▸ Provided data

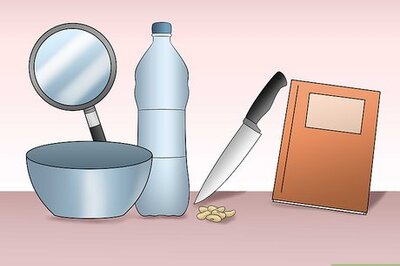 How to Perform a Bean Seed Dissection Experiment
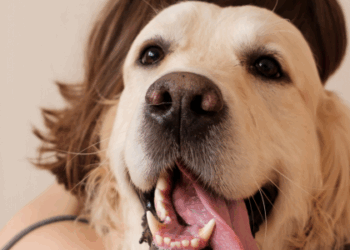 RG Animal com QR Code facilita encontrar pets perdidos e fortalece políticas públicas de bem-estar animal em todo o país.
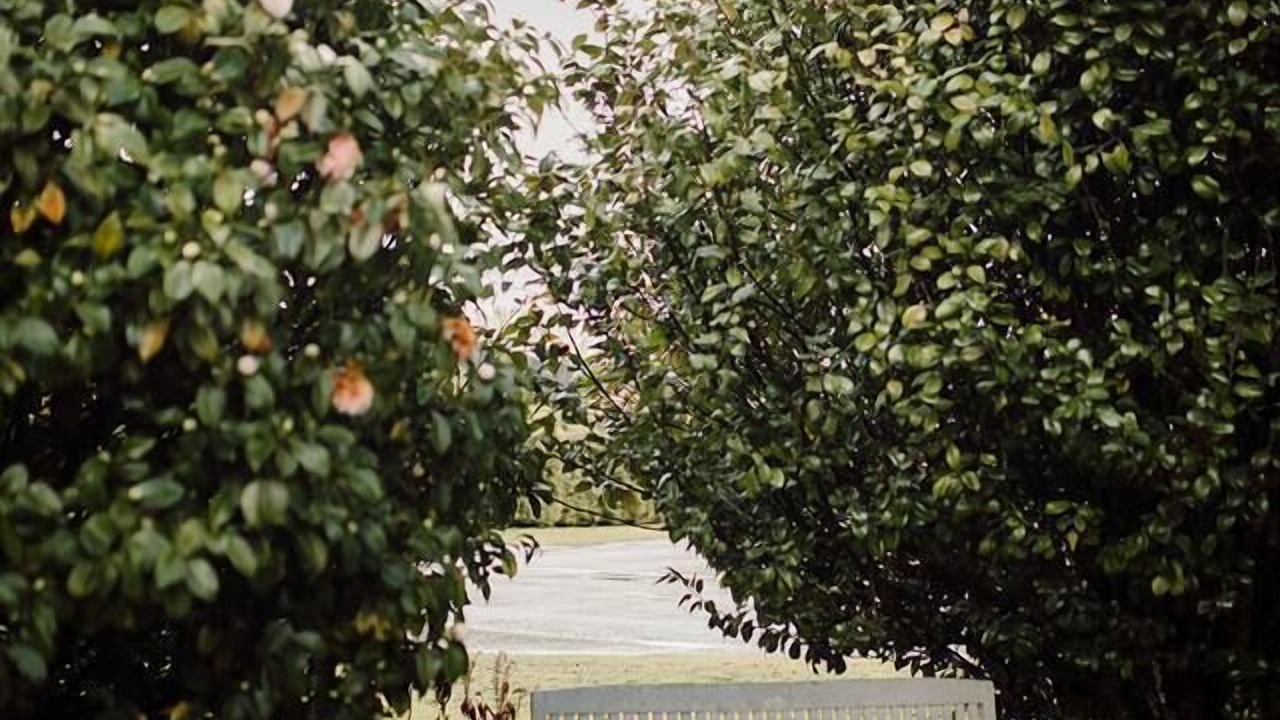 Photo of Outdoor in Reefton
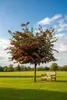 Crataegus laevigata "Paul's Scarlet"- Hochstamm, Rotdorn, Produktbild-Vorschau 1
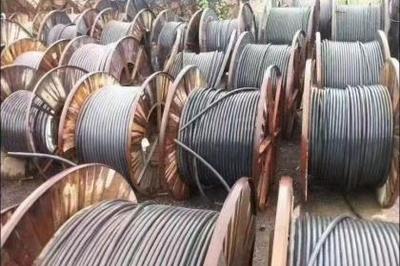 武汉回收服务全解析 资源循环利用，共建绿色城市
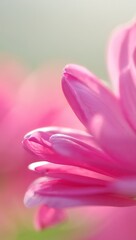 Fototapeta premium Close up of delicate pink flower petals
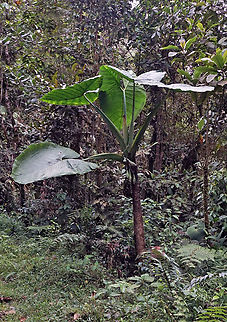 Xanthosoma giraldoi Dapa, Valle Del Cauca Xanthosoma giraldoi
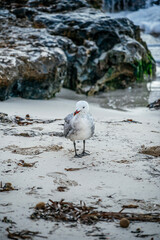 Seagull Standing On A Sandy Beach With Rocks In The Background, Capturing The Seagull's Presence In Its Natural Coastal Habitat. Ideal For Illustrating Wildlife And Beach Scenes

▸ Brief
Range to copy from the listing above: the line with "Rotdorn, Produktbild-Vorschau 1" through the line with "Xanthosoma giraldoi Dapa, Valle". Transcribe it exactly and skip the pictures.

▸ Worked solution
 Crataegus laevigata "Paul's Scarlet"- Hochstamm, Rotdorn, Produktbild-Vorschau 1
 武汉回收服务全解析 资源循环利用，共建绿色城市
 Fototapeta premium Close up of delicate pink flower petals
 Xanthosoma giraldoi Dapa, Valle Del Cauca Xanthosoma giraldoi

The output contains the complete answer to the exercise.